On May 15, 2018, Georgia Erbez resigned as Chief Business Officer and Chief Financial
Officer. Pursuant to the terms of a Separation Agreement entered into May 10, 2018, the Company agreed to pay severance totaling approximately $201,000, including base salary and benefit continuation coverage, for the six months following the
separation date. Accordingly, as of September 30, 2018, the Company has approximately $55,000 of remaining severance related to this arrangement accrued and unpaid. In addition, 25% of the unvested portion of Ms. Erbez equity awards
at the time of her resignation were accelerated. Her vested options remain exercisable for a period of eighteen months following her resignation.
On May 8, 2017, Konstantinos Alataris resigned as President and Chief Executive Officer. Pursuant to the terms of a Separation Agreement,
the Company agreed to pay severance totaling approximately $252,000, including base salary and benefit continuation coverage, for six months following the separation date. As of September 30, 2018, the Company had no severance due to
Dr. Alataris related to his separation agreement.

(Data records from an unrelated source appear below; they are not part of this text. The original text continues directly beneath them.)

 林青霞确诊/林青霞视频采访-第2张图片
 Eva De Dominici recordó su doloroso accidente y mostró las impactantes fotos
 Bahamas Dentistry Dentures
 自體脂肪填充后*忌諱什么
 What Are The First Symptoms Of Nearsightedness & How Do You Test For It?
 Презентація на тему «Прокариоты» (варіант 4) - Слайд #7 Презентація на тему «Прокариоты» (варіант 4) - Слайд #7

Equipment Purchase Commitment
In May 2018, the Company entered into a Purchase Order with Harro Hofliger Packaging Systems to purchase a commercial coating and primary
packaging machine for the production of its product candidate, M207, for an aggregate purchase price of $12.2 million. The terms of the purchase commitment are contingent upon performance of certain milestones. The Company anticipates that the
obligation will be paid over an eighteen-month period. As of September 30, 2018, the Company had made payments totaling $3.0 million which were recorded in
construction-in-progress and the total remaining obligation on the equipment purchase commitment was $9.2 million.
Manufacturing and Supply Agreement with Patheon.

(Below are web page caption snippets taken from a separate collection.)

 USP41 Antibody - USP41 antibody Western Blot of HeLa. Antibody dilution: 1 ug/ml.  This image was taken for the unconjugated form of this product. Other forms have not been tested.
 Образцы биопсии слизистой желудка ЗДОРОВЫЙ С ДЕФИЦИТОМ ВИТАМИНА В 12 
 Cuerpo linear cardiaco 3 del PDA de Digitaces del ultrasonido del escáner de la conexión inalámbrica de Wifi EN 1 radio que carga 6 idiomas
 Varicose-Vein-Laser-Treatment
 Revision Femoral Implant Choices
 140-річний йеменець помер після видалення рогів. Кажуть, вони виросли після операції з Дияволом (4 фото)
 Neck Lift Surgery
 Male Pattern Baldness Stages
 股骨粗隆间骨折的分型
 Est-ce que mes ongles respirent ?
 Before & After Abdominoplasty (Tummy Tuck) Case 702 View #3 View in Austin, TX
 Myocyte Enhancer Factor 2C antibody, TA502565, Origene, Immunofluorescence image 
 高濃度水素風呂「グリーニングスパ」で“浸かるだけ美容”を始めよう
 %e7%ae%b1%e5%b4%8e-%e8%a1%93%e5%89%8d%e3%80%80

In September 2018, the Company entered into a manufacturing and supply agreement with Patheon Manufacturing Services LLC (Patheon),
for Patheon to provide services related to the manufacture and commercialization of M207. During the term of the agreement, Patheon will provide manufacturing services to the Company for the manufacturing of M207, including, services related to
processing, packaging, labelling and storing of M207, in addition to other services such as stability testing, quality control and assurance and waste disposal.
The Company is required to pay for commercial supply by Patheon in annual base fees in equal monthly installments in the amounts specified in
the agreement. In addition, we are required to pay an additional product fee for units in excess of the number of units covered by the base fee at the price per unit provided for in the agreement. The agreement contains negotiated representations
and warranties, indemnification, limitations of liability, and other provisions. The initial term of the agreement continues until the seventh anniversary of the date on which we receive NDA approval of M207 in the United States.

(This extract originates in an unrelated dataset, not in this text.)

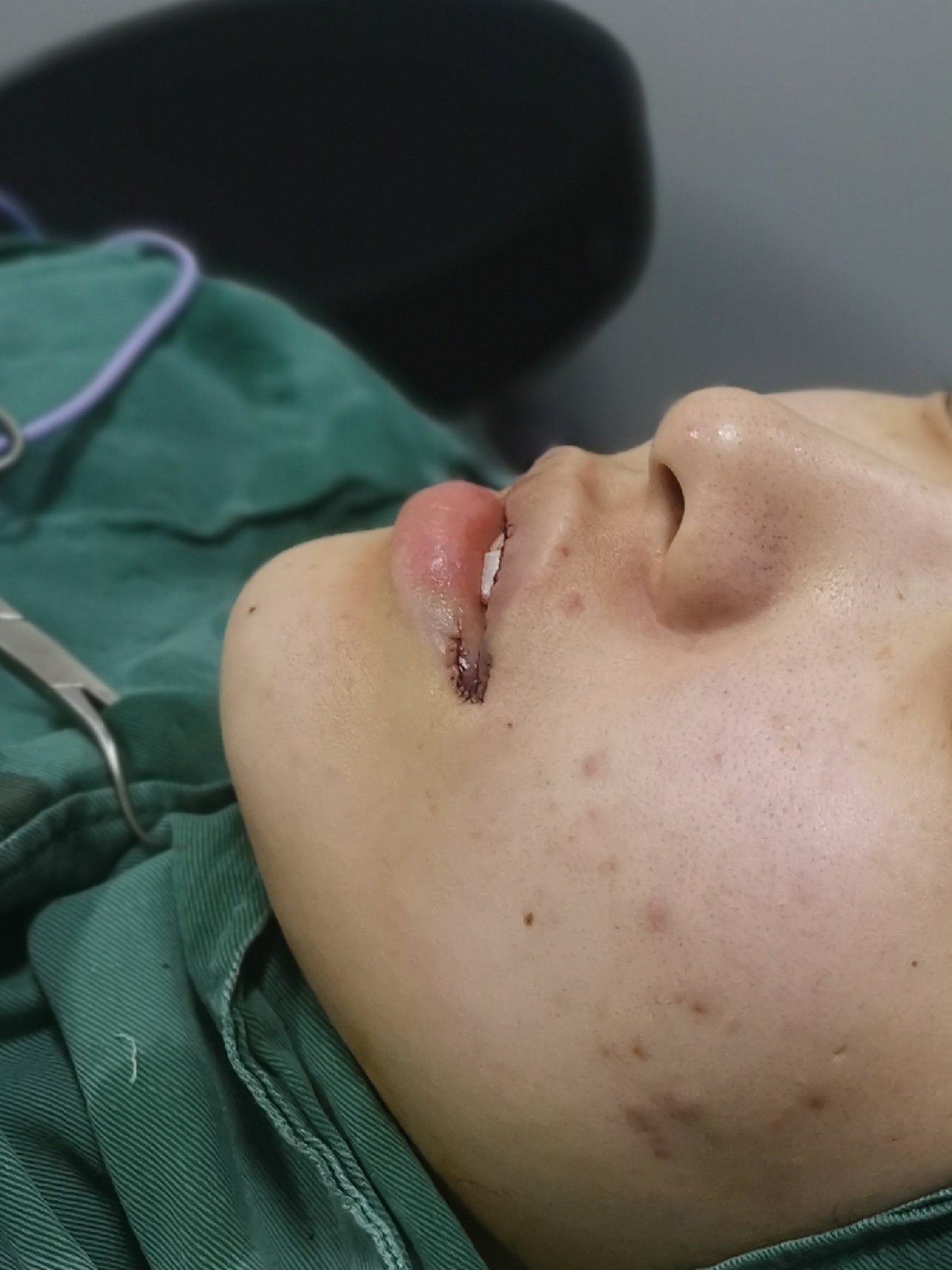 我的嘴巴比较厚,嘴唇没有唇形,为了让大家更清楚的看到,特意在手术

The Company may terminate the agreement if M207 is not granted certain regulatory approvals or if such regulatory approval is withdrawn under
certain circumstances. The Company or Patheon may terminate the agreement for the others uncured material breach, uncured force majeure or bankruptcy or insolvency-related events.
September 30, 2018, the Company had $4.8 million of noncancelable purchase commitments due within the current fiscal year and $23.3 million due thereafter, primarily related with third party manufacturers.
On January 24, 2018, the Company amended its certificate of incorporation to increase the number of shares of common stock authorized for
issuance from 100,000,000 to 250,000,000. On January 25, 2018, the Company effected a 1-for-20 reverse stock split of its outstanding common stock.
Equity Line of Credit
On October 20, 2017, the Company entered into a purchase agreement and a registration rights agreement with an accredited investor,
Lincoln Park, providing for the purchase of up to $35.0 million worth of the Companys common stock over the term of the purchase agreement (the Equity Line of Credit).